Cook serves an appetiser before the main course
For a series as important as one England and India head into, setting the tone in the first game of the tour is imperative. And at four down for 133 in their opening warm-up game against India 'A', England risked conceding the upper hand to the hosts. Anand Sachar reports. Captain clicksindia Updated: Nov 05, 2012 16:37 IST
For a series as important as one England and India head into, setting the tone in the first game of the tour is imperative. And at four down for 133 in their opening warm-up game against India 'A', England risked conceding the upper hand to the hosts.
However, England's new Test skipper Alastair Cook again underlined his class first up in a country where he has enjoyed batting, ensuring by stumps that England would head into the last day's play as a satisfied camp.
The left-handed opener made a statement with his unbeaten century, raising an unbroken 153-run partnership with Samit Patel (82*) to particularly expose the quality of pace bowling in the India 'A' ranks.
After a deftly pushing Suresh Raina's spin to square leg for a single, Cook raised his bat to acknowledge the applause from the dressing room, celebrating in an understated manner.
Cook's unbeaten century at the Brabourne stadium was without cracks and held the innings together. Patel played the supporting role to perfection, as England, replying to the India 'A' first innings of 369 all out, reached 286 for four at stumps. This was after James Anderson took just one delivery to end the India 'A' innings.
India holds a special place in Cook's heart.

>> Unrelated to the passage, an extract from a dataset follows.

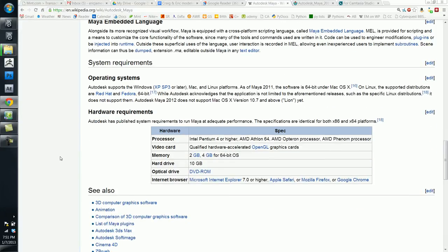The great thing about Autodesk owning this application now is that it does receive a lot more development work than it had before. Not to say anything bad about Alias. Really, they did a phenomenal job, but you have regular updates now that come out every single year.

In 2006, he flew in half way across the world from the West Indies, where he was with the 'A' team, to straightaway replace the injured Michael Vaughan for the first Test in Nagpur.
The 20-year-old eased into the big stage with a half century and struck a century in the second, in tough conditions and against shrewd spin bowling, signalling the arrival of a special talent.
Cook has a major task on hand, helping England clinch their first Test series in India since 1984-85.
Apart from grooming young batsmen on how to tackle spin, Cook also has the task of keeping the team united.
And if Kevin Pietersen's involvement on the field on Day 1 was anything to go by, the captain seems to have made sure that his 'reintegration' in the side has been smooth.
All eyes were on Pietersen, who seemed to be playing a typically aggressive knock until he gave a return catch to Yuvraj Singh, the man whom he had jokingly dubbed the 'pie-chucker'.
Yuvraj, having got a fluent fifty on Day 1, picked up a sharp return catch off Pietersen and had Ian Bell caught at first slip. Raina bowled Trott (56) with a ball which spun in sharply as the part-time spinners made up somewhat for the ordinary effort by the pacers.
There were no slogs, just textbook cover drives and square cuts from Cook. He was beaten on a couple of occasions by Ashok Dinda, but the opener played the other bowlers with ease.
Patel was the beneficiary of a couple of chances given by wicketkeeper Wriddhiman Saha. However, as the innings progressed, the all-rounder stepped down the wicket to tackle the spinners comfortably.
Dinda looked the most impressive among the pacers. He dismissed Nick Compton (0) in the first over with a ball that moved away.
He also maintained exaggerated eye-contact after hitting Jonathan Trott with a bouncer, but the aggression did not translate into more success.
England paceman Steve Finn was ruled out of the rest of the game with a right thigh strain. An ECB spokesperson said his injury will be assessed over the next couple of days to determine a rehabilitation programme.